Signals often describe the behavior of physical phenomena. When a signal describes the change in some phenomenon over time, we refer to it as a time-domain signal.1 We can think of real-world phenomena like the altitude of a plane, the temperature in a city, or the speed of an automobile as examples of time-domain signals.
Figure 1a. Altitude of a Plane as it Travels from Paris to Berlin
Figure 1b. Mean Temperature in Berlin, Germany, 2001.
Figure 1c. Speed of an Automobile Traveling Down Main St.
Don't let the "domain" terminology throw you. Recall that the domain of a function generally corresponds to the x-axis, and the "range" of a function corresponds to the y-axis. A time-domain signal simply has some unit of time running along its x-axis.
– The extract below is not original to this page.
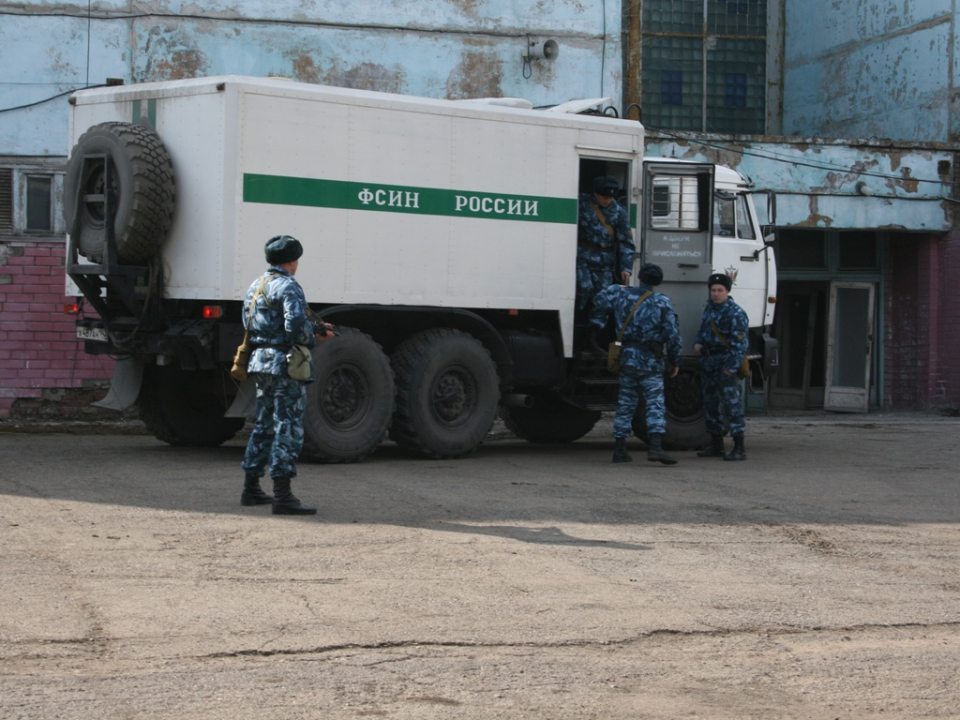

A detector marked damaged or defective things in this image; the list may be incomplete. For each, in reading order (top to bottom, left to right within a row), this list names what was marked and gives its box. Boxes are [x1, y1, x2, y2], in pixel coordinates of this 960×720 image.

cracked pavement [1, 414, 960, 716]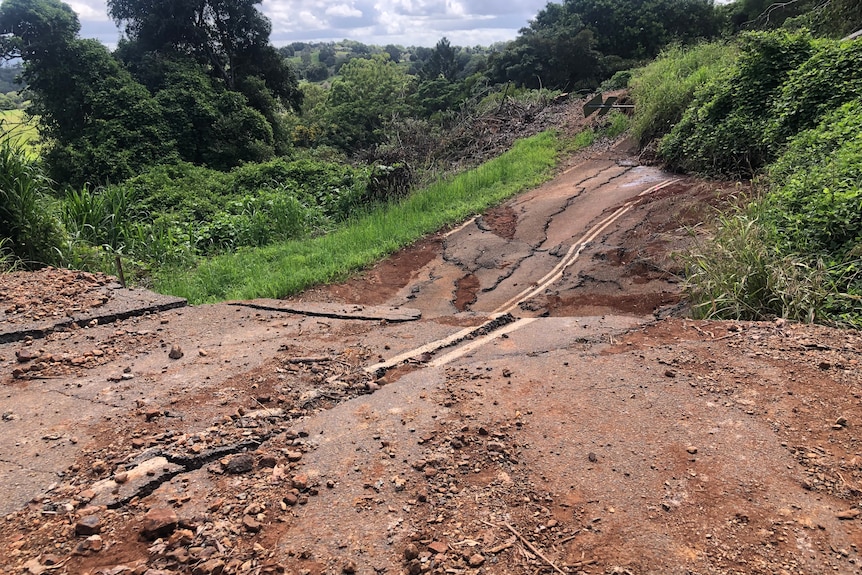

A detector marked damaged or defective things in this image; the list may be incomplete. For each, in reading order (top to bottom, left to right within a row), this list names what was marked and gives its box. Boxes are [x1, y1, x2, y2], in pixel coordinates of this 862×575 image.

damaged road [1, 141, 862, 575]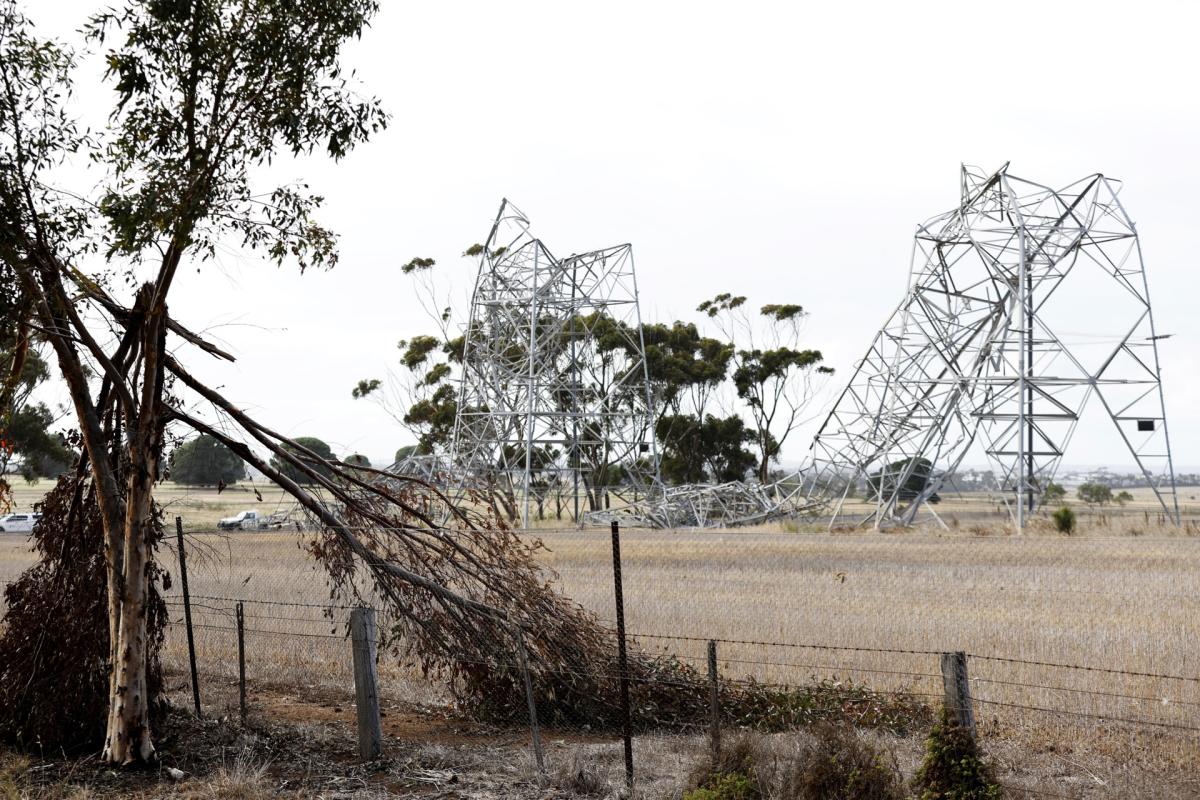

The field of digital signal processing is concerned with measuring, recording, processing, and analyzing these sorts of real-world signals using computers. Computers are exceptionally fast and exceptionally dumb.2 Their only real competency is the rapid reading, writing, and comparison of individual numbers. If you’re into jargon, you might say that computers are only capable of operating on discrete values. When all of these discrete values happen to be represented by ones and zeros, we refer to them as digital values. Digital signal processing is therefore all about processing signals which are encoded as lists of ones and zeros.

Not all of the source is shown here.